To do —
Copy out exactly the lines spanning the line with "SS-U-Hobb-PC-Pklb-220610NA10 @ Pickleball" to the line with "earpearp Veggie Color", inclusive, from the data underneath, with no pictures.

Material to process —
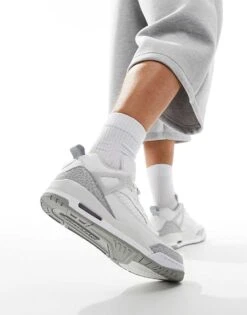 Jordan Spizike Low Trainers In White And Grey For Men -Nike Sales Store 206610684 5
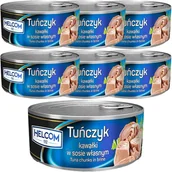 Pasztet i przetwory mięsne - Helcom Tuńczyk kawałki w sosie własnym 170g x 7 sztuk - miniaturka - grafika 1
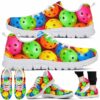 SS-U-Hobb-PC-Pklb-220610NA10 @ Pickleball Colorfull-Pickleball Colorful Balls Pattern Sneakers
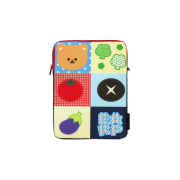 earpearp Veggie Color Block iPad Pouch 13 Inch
...
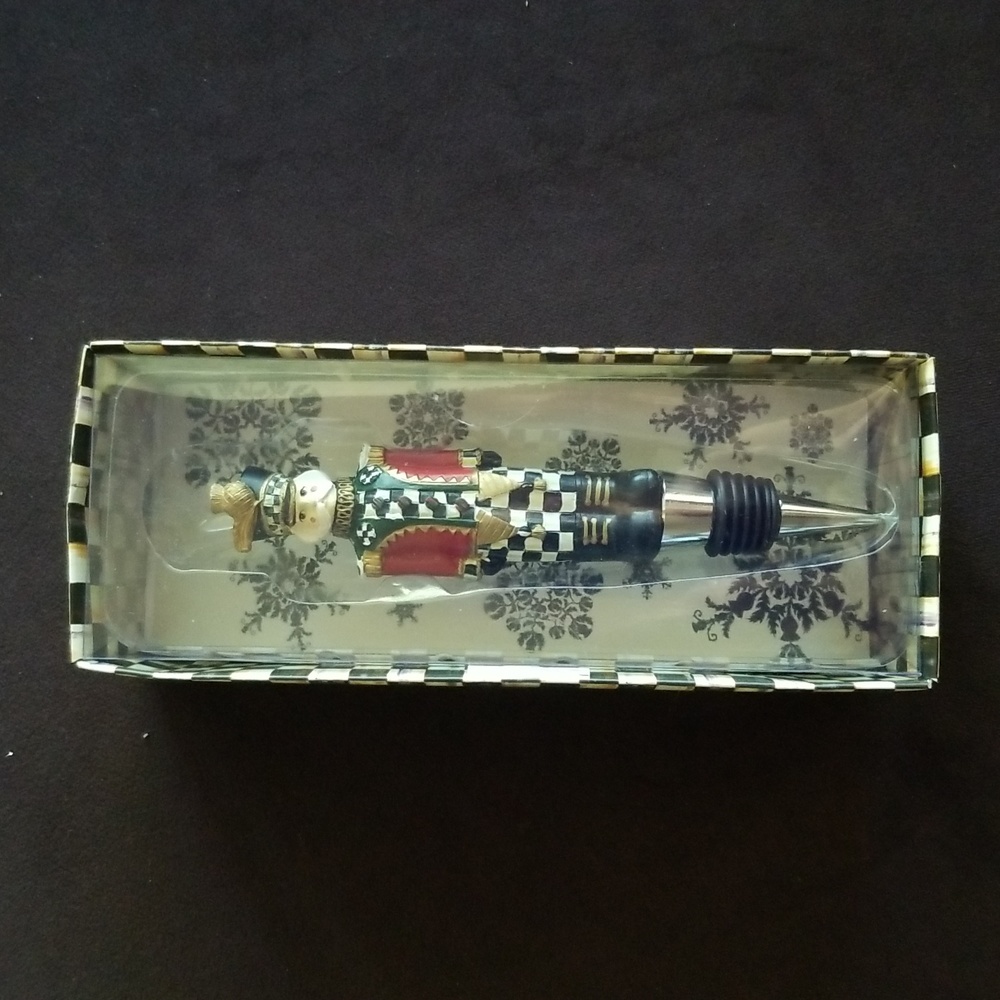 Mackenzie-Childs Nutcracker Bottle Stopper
---
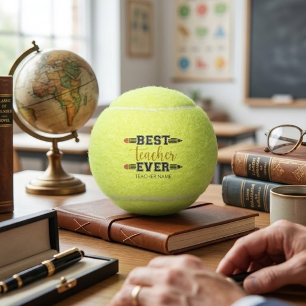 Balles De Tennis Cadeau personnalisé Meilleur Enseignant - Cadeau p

Completed exercise —
 SS-U-Hobb-PC-Pklb-220610NA10 @ Pickleball Colorfull-Pickleball Colorful Balls Pattern Sneakers
 earpearp Veggie Color Block iPad Pouch 13 Inch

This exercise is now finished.